June 30 2010 3-5pm windy and sunny Norman Bird Sanctuary, Middletown RI

Today we were finally going to take the hour long drive to the gorgeous bird-lands of RI namely the stunning Norman Bird Sanctuary which holds two seventy foot high cliffs, something that is not common in our flat state of Rhode Island.

House Sparrows, Robins, Goldfinches and Tree Swallows happily welcomed us back to woodlands, marsh's, ponds and meadows of Norman Bird Sanctuary. Cardinals and Catbirds hoped through the bushes glaring eyes always watching us as we strolled down the well kept paths.
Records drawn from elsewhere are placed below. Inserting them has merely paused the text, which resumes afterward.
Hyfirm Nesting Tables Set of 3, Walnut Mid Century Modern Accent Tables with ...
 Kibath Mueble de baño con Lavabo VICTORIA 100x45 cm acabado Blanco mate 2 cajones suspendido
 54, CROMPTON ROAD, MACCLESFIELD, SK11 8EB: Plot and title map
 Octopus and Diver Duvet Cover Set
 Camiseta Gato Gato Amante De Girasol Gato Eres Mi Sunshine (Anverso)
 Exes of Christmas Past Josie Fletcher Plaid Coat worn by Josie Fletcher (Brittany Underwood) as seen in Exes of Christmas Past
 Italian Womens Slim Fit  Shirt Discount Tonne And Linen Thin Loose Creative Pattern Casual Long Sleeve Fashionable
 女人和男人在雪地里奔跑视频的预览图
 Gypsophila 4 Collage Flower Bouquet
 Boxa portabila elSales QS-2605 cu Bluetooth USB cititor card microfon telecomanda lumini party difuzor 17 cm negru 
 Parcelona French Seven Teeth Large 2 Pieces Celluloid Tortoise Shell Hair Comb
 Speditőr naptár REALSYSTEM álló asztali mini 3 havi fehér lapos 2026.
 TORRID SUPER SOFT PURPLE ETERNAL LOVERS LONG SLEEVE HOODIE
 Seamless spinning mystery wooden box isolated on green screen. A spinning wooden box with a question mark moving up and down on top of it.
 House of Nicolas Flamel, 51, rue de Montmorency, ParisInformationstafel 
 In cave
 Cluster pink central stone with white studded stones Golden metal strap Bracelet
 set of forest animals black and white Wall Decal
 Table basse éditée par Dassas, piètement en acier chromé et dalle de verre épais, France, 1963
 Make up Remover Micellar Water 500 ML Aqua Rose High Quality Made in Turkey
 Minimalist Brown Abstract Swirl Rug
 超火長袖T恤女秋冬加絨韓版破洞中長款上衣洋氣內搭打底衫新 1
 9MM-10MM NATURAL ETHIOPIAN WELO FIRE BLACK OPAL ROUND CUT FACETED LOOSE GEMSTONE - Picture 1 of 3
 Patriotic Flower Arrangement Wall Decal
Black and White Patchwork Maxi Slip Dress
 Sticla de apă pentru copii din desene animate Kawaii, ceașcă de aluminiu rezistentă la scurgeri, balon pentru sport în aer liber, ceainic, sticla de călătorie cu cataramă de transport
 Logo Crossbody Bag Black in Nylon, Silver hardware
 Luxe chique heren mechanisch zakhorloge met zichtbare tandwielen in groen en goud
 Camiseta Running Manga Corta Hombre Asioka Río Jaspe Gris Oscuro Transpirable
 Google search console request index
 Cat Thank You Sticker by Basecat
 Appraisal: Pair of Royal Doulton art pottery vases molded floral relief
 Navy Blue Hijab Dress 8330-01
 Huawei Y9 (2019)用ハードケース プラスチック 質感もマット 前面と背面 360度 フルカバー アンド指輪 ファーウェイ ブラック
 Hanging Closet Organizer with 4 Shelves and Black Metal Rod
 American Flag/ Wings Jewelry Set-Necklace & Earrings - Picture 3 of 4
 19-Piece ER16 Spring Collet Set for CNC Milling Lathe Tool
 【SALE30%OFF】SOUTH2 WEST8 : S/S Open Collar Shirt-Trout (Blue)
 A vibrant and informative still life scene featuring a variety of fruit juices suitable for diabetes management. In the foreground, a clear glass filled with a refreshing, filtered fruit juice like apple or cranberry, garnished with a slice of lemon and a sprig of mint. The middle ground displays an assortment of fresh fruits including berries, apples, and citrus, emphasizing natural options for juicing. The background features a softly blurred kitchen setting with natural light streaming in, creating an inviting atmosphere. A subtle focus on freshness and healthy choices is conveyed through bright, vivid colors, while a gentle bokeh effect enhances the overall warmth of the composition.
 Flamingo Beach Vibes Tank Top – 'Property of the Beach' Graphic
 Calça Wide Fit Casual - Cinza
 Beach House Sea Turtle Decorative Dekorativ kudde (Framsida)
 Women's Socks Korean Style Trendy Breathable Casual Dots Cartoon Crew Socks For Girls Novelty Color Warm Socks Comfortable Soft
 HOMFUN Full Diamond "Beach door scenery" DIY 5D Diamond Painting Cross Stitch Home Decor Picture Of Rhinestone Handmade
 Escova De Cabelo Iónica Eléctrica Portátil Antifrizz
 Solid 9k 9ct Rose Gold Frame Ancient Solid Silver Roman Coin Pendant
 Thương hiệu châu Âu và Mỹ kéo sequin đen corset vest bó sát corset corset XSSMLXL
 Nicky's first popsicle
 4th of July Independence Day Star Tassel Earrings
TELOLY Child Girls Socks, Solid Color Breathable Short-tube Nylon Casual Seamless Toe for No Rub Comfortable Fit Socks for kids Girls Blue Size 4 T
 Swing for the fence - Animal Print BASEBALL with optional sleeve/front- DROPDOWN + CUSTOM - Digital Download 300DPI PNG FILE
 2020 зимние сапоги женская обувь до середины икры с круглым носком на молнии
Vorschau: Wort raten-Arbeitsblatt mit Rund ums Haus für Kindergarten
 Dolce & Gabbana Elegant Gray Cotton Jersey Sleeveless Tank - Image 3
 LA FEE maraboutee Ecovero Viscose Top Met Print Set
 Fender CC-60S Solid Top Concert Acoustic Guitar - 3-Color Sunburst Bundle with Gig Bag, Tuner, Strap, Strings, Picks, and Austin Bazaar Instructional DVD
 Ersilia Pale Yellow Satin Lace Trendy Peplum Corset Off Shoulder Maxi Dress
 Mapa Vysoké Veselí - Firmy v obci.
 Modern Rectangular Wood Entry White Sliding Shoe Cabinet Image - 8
A female Turkey with her ten fat polts scurried across the path and hastily scrambled to relative safety under a mass of healthy bushes. Four Mourning Doves burst from the path their wings flapping noisily they acted as if angry dogs were chasing them - how wrong they were.

An orchestra of caws alerted us to the brief presence of six social American Crows who flew gracefully over us still trying their best to play Beethoven's Fifth. A Chipping Sparrow hopped about on the side of the path while Blue Jays shrieked raucously from all about presumably playing there favorite game called "Shriek".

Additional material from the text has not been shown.